Why First Time Right is so important

As your webshop handles more and more orders, it can be tempting to focus on speeding up processes first. However, we recommend focusing on getting things right the first time, and only then looking at how to speed things up. In e-commerce, mistakes are extremely costly. They must be fixed, which takes both time and money. Think of additional shipping costs, return processing, customer service workload and the impact of negative reviews.

How much does a mistake cost?

To give you an idea of how much a single incorrect shipment might cost, here’s an example:

  1. A white USB-C cable is shipped from the warehouse, but the customer actually ordered a white micro USB cable.
  2. The customer calls customer service. It takes around 15 minutes to handle the complaint over the phone, plus 5 minutes to process it and arrange a replacement in the system. That’s 20 minutes x €35/hour = €11.67 excluding VAT.
  3. The incorrect product must be returned. This costs around €5.
  4. The returned product must be processed by a warehouse employee. This takes about 6 minutes = €3.50.
  5. The correct product is shipped.

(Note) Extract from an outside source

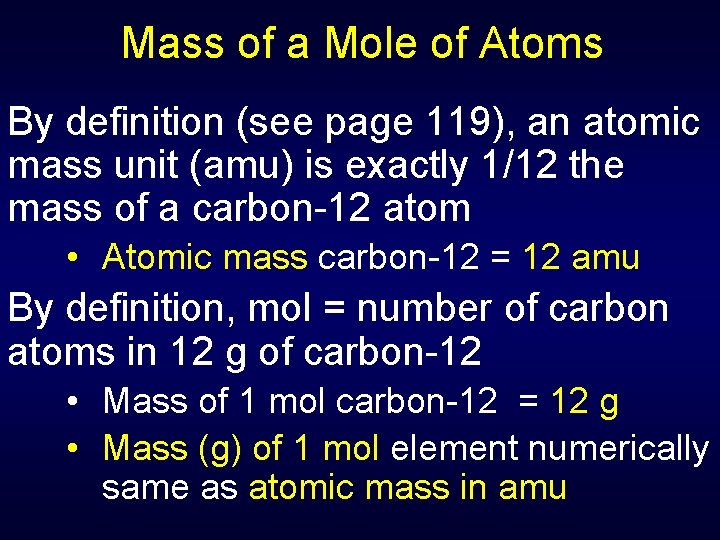 Mass of a Mole of Atoms By definition (see page 119), an atomic mass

This adds another €5 in shipping, €2 in handling, and €1.50 in packaging.

Altogether, it costs around €28.67 to correct one incorrect shipment. And this doesn’t even include potential reputational damage from poor reviews or word-of-mouth.

Measuring mistakes with the First Time Right percentage

To track the quality of your warehouse operations, you can monitor your First Time Right (FTR) percentage. This can be done daily or weekly. The FTR is the percentage of all orders that are delivered correctly the first time. An FTR of 100% means no mistakes were made.

You can track errors in a simple spreadsheet. The key is for all departments to report mistakes when they spot them. For instance, if customer service receives a call about the wrong product, or if someone notices inventory discrepancies, those errors should be logged.

The formula

The FTR percentage is calculated as follows:
100 - (100 * number of faulty orders / total number of orders)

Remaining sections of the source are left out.